Legends are the next evolution of narrative; the word comes from the latin ‘legenda’, meaning ‘things to read’, and first appeared in the English language in the late 14th Century.

Whereas the famous German publishers ‘The Brothers Grim’ once describe folklore as historically grounded, legend was proposed by Prof. Timothy R. Tangherlini, in 1990, to be a short (mono-) episodic, traditional and historicized narrative, performed in a conversational mode, reflecting a symbolic representation of belief and collective experiences, serving as a reaffirmation of commonly held values of the group to whose tradition it belongs.

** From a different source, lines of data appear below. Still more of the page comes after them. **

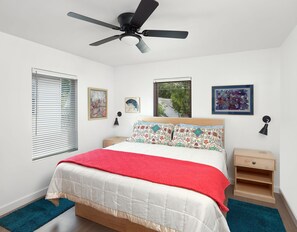 2 chambres, fer et planche à repasser, Wi-Fi gratuit, draps fournis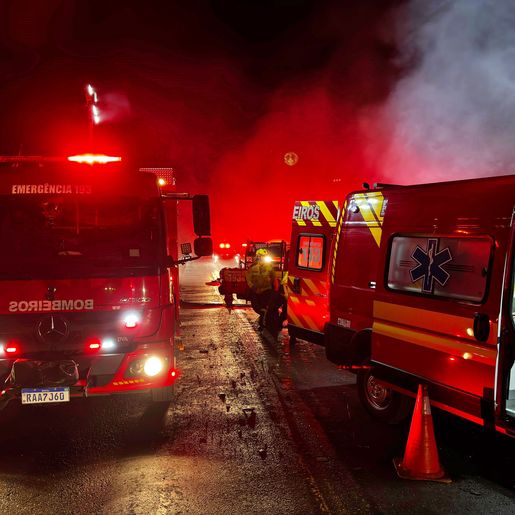 Bombeiros detalham atendimento de vítimas em acidente na BR-282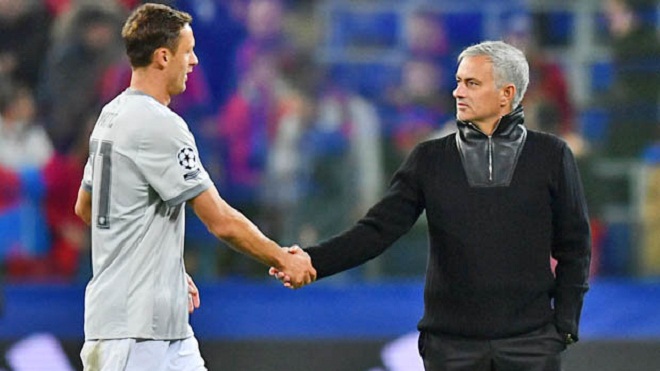 Mourinho SỐC vì Matic chủ động xin đến M.U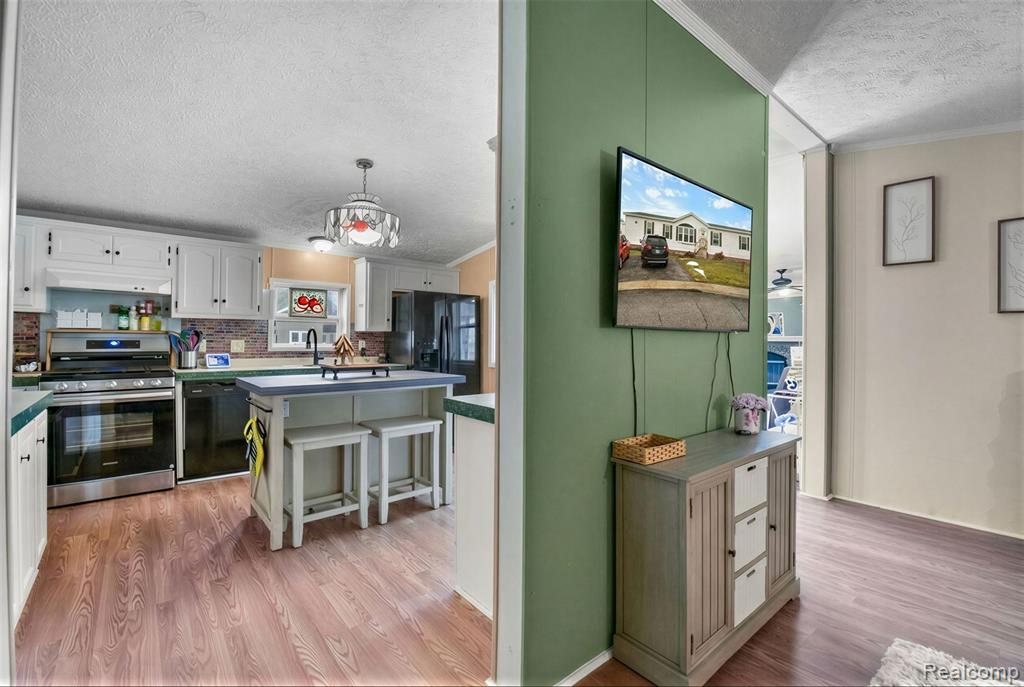 2330 CHARTER OAK Court, Newport, MI 48166 — Photo 9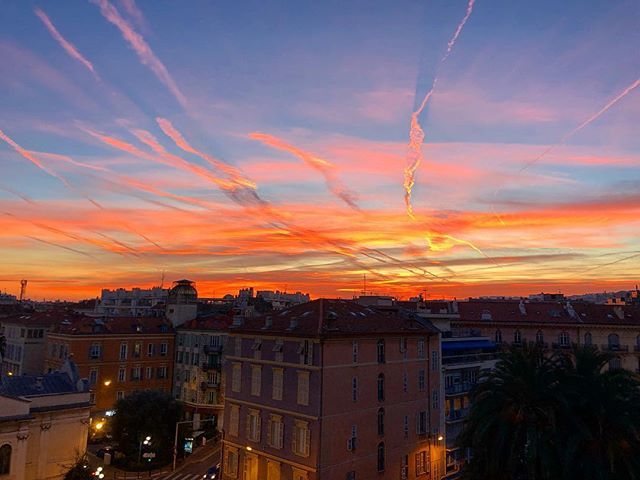 jojoska5's tweet photo. Tramonta il sole sui tetti di Nizza #nizza🇫🇷 #nizza #nice #nicefrance #cotedazurfrance #cotedazur #cotedazurnow #frenchriviera #francia #france #ilovenice #ilovenice🇫🇷 #francia🇫🇷 #promenadedesanglais #tramonto #costazzura #francejadore #francia https://t.co/g90AqlWE9y https://t.co/nKXKMDplVz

Legends are given the appearance of historical truth, yet often use metaphors or imagery to explain the unexplainable; attributing events to miracles or the supernatural.  They can still be placed in a realistic historical timeline, but tend to be more representative in the information they convey.

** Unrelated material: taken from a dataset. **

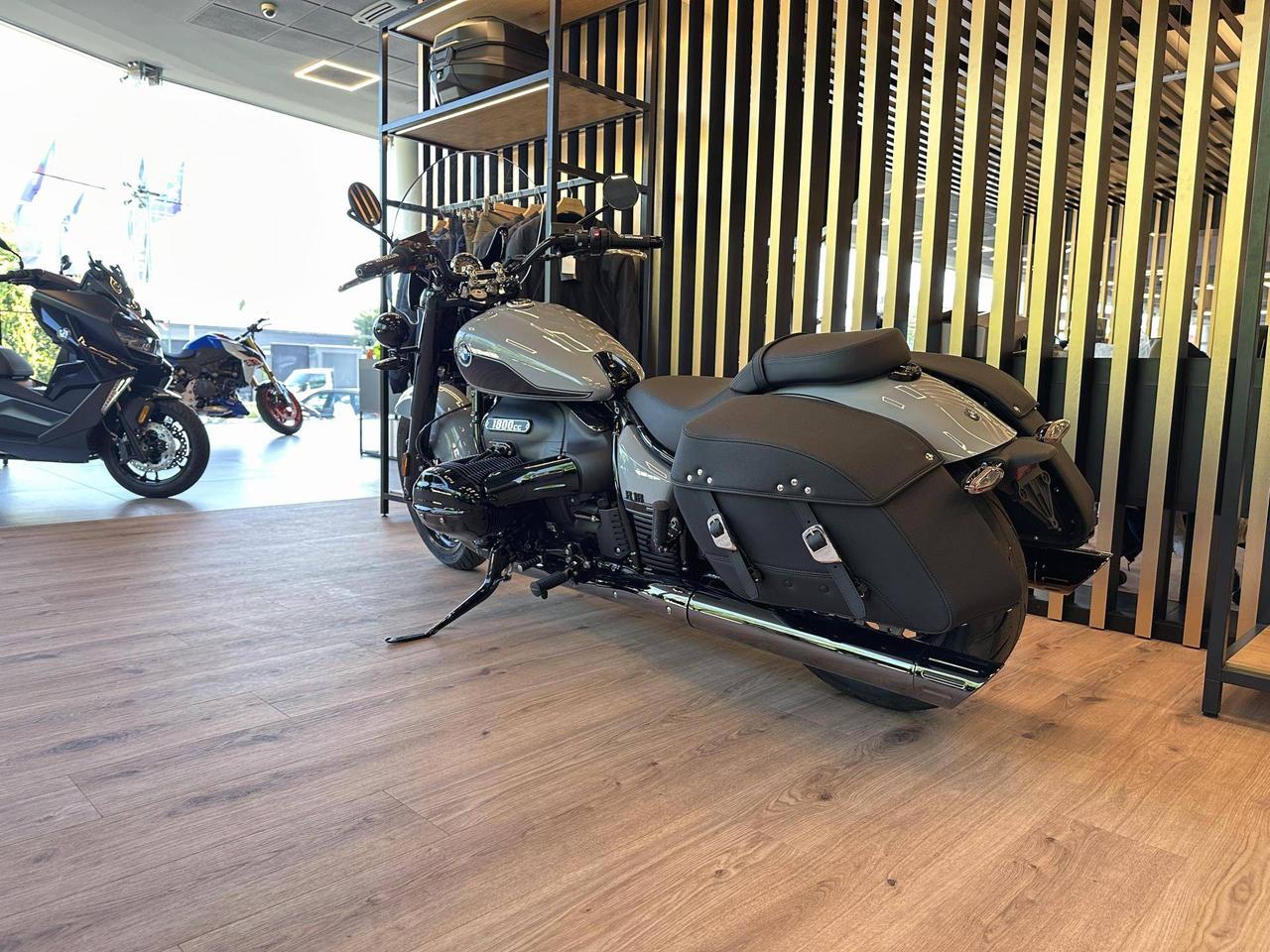 BMW R 18 Classic Blacked Out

The reason why truth often becomes stretched over time is due to a Chinese whispers effect.  Before the invention of the printing press and the Guttenberg bible, stories were passed on by word of mouth; these stories get distorted as time passes, and the story is adapted to fit current culture and situations.  This occurs on a smaller scale in Comic Books, when a character changes their origin story to fit a newer audience or situation, or reinterpreted to suit the needs of a current story arc, such as The Joker.  Unlike other modern stand alone tales portrayed through books or films, comic books have a greater longevity, spanning even decades.  Due to this, it is not uncommon to reinvent a character; perhaps this is more attributable to the science fiction elements and parallel universes.

Examples of legend include: Robin Hood; Beowulf; King Arthur and Zorro.  Sometimes these embellished characters may be based on a real life character, but in the absence of information, facts are often misplaced and exaggerated, making the legend become further distorted.  When people start to attribute moral meaning to them or the characters, they can become fables and myth.